3-Geçici dünya hayatı,

4-Kabir hayatı,

5-Diriliş ve mahşer,

6-Ebedi hayat. Ahiret hayatı, cennet ve cehennem hayatı.

1-RUHLAR ALEMİ:

Ruhlarla ilgili Cenab-ı Hak insanlara, hatta peygamberlere fazla bir bilgi sunmamıştır. Bu hususu birkaç ayetle de bildirmiştir. Örneğin; “Sana ruhtan souyorlar. Ruhun (mahiyet) bilgisi, rabbinin emrindedir. Ruh hakkında size fazla bir bilgi verilmedi” denmektedir. İnsanlarda gizli olan, bilinmeyenlere dair yüksek bir ilgi vardır. Buna da tecessüs denir. Yani her gizliyi, her bilinmeyeni, var olan ama görünmeyeni öğrenme, bilme arzusu.

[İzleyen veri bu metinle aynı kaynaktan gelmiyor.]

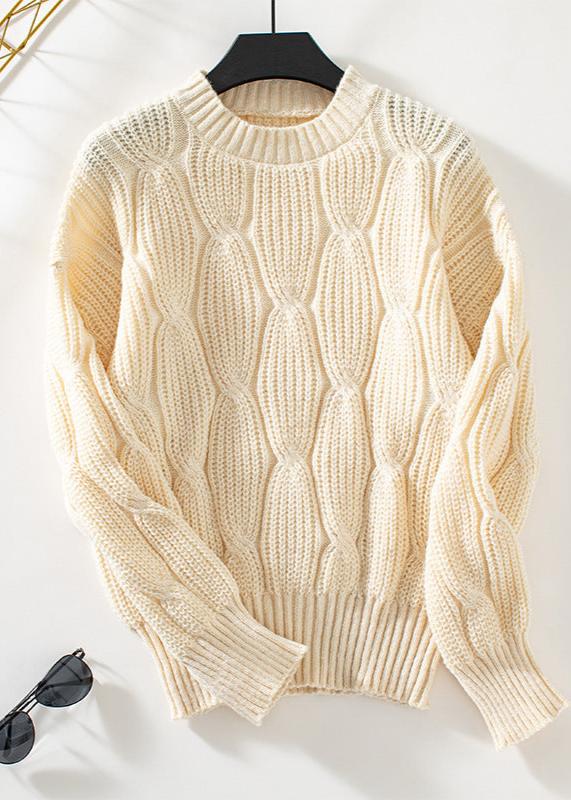 Ivyshape | Textured Knit Pullover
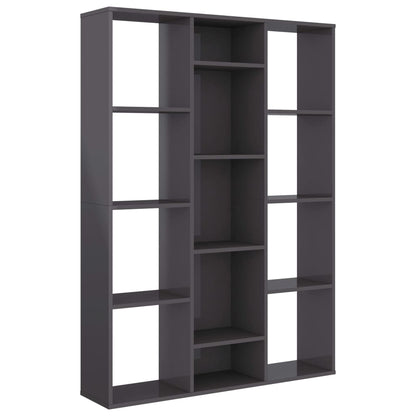 Libreria/Divisorio Grigio Lucido 100x24x140cm Legno Multistrato - homemem39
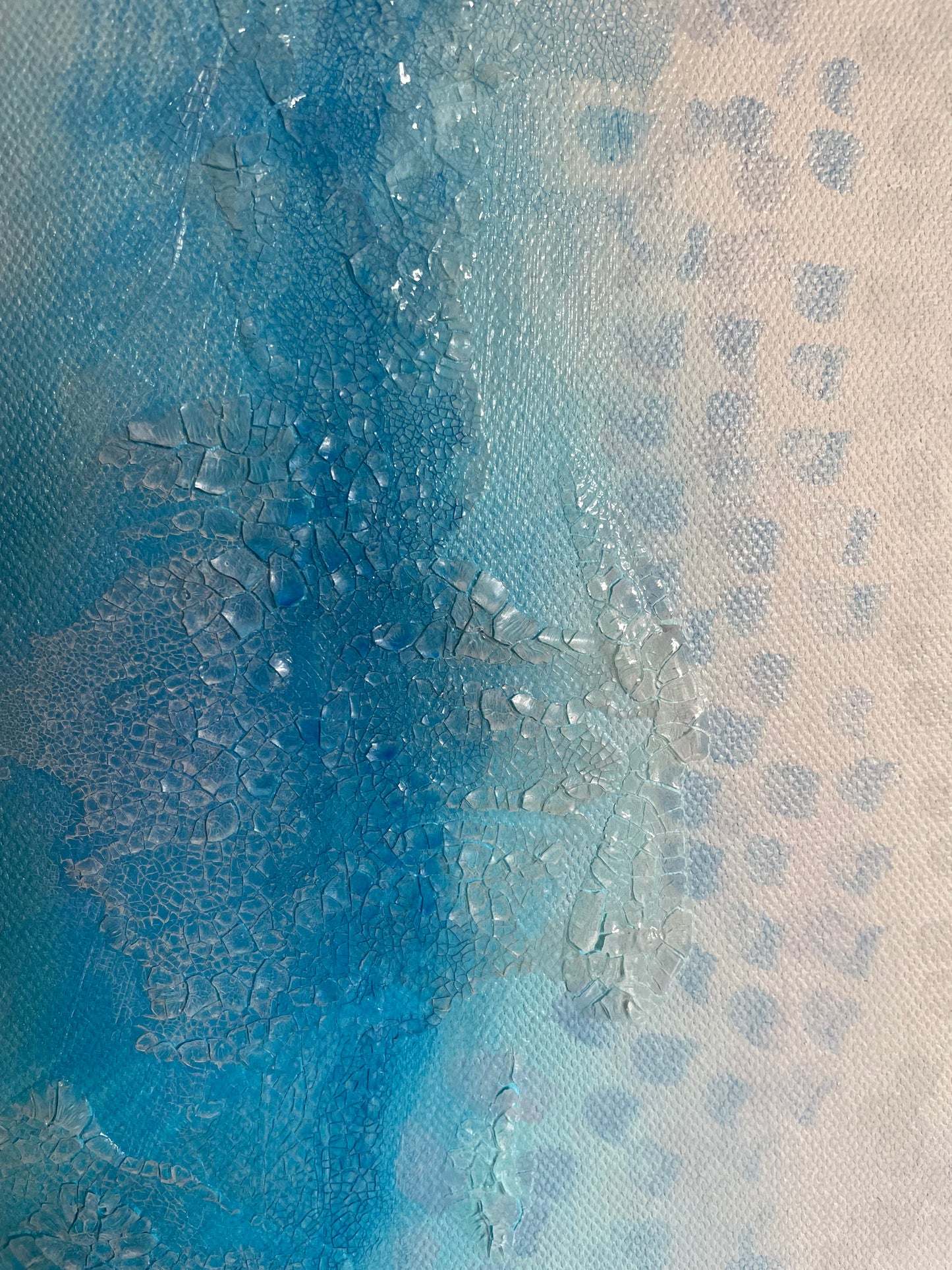 Morning Frost - Original Abstract Painting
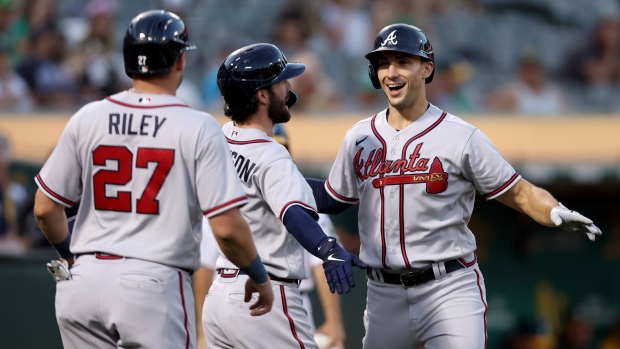 Matt Olson Atlanta Braves beat Oakland Athletics - TSN.ca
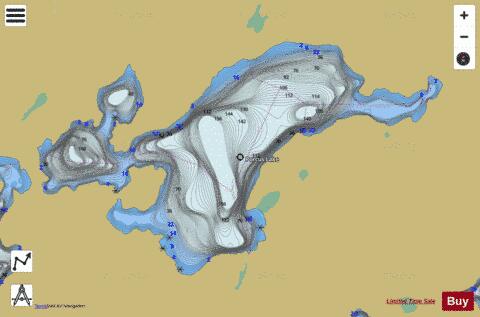 Porcus Lake depth contour Map - i-Boating App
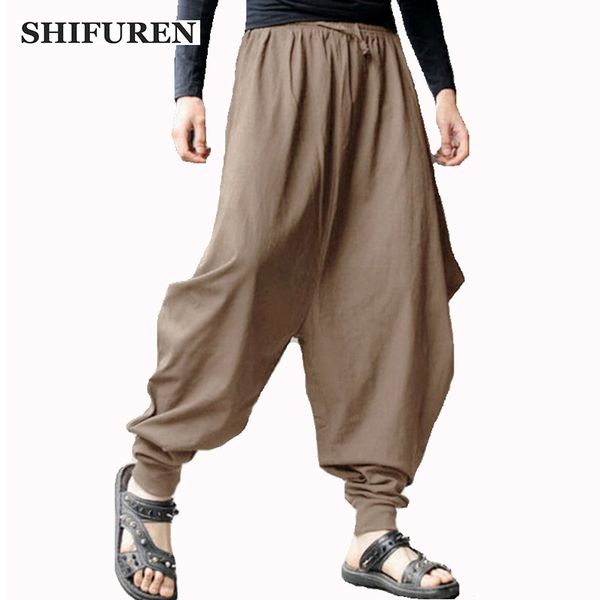 shifuren causal men cotton pants loose fit elastic waist drawstring male joggers sweatpants trousers full length plus size s-5xl, Black
shifuren causal men cotton pants loose fit elastic waist drawstring male joggers sweatpants trousers full length plus size s-5xl, Black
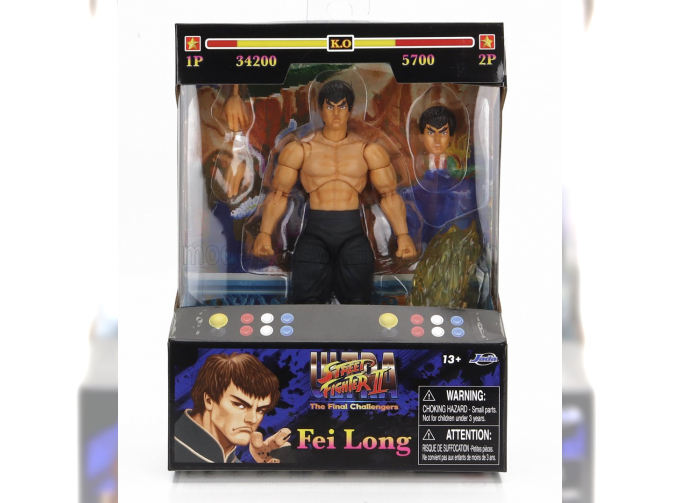 FIGURES Street Fighter Ii - Cm. 15.5, Black Pink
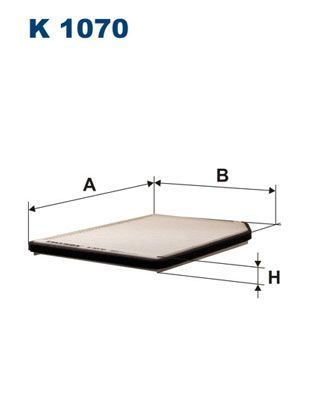 Filtras, salono oras FILTRON K 1070
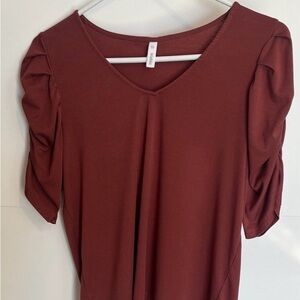 Wishlist Rust V-Neck Blouse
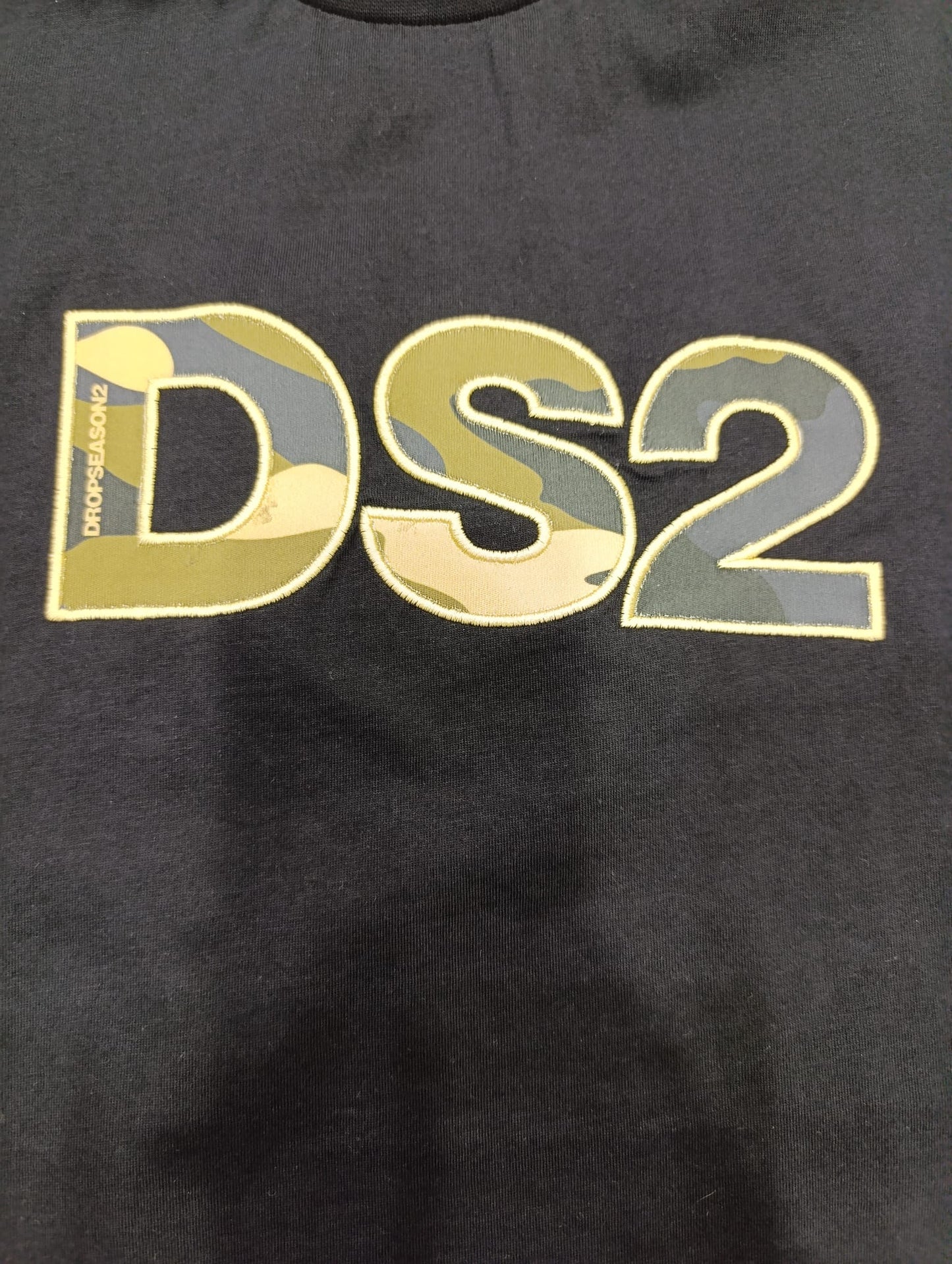 T-shirt Drop Season2 logo militare cucito b16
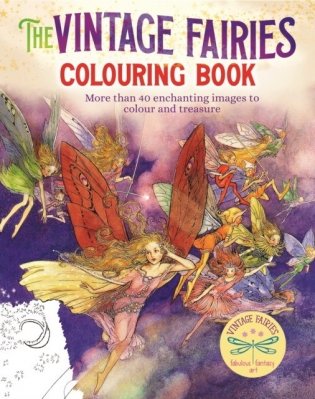 Vintage fairies colouring book фото книги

Aslında gelişen teknolojinin bilginin ve bugünki kültür ve medeniyetin temelini oluşturur. İnsanı şüpheden başlatıp hakikate ulaştırır. Bu yüksek derecedeki gelişmelere rağmen günümüzün modern teknolojisinde hala bilinen konular, bilinmeyenlerin zekatı bile değildir. Yani bugün bildiğimiz bir ise, bilmediğimiz milyon adettir. Ruh da bunlardan birisidir. Ecel, rızık, kaza, kader, mahiyet ve bildirilenlere rağmen ahiet, cennet, cehennem, dünyanın yapısı, yaratılışı, gökyüzü, gezegenler, yıldızlar ve daha binlercesi çözüm bekleyen muammalardır.

Şu bir gerçektir ki; dünya kurulalıdan bu yana ruhlarla ilgili binlerce araştırma yapılmasına rağmen henüz kesin bir sonuç yoktur. Ancak birçok çeşitli fikirler, yorumlar ve görüşler vardır. Hiçbirisi de gerçeği yansıtmamaktadır. Çünkü Allah bu konuda size yeterince bilgi verilmediğini buyuruyor.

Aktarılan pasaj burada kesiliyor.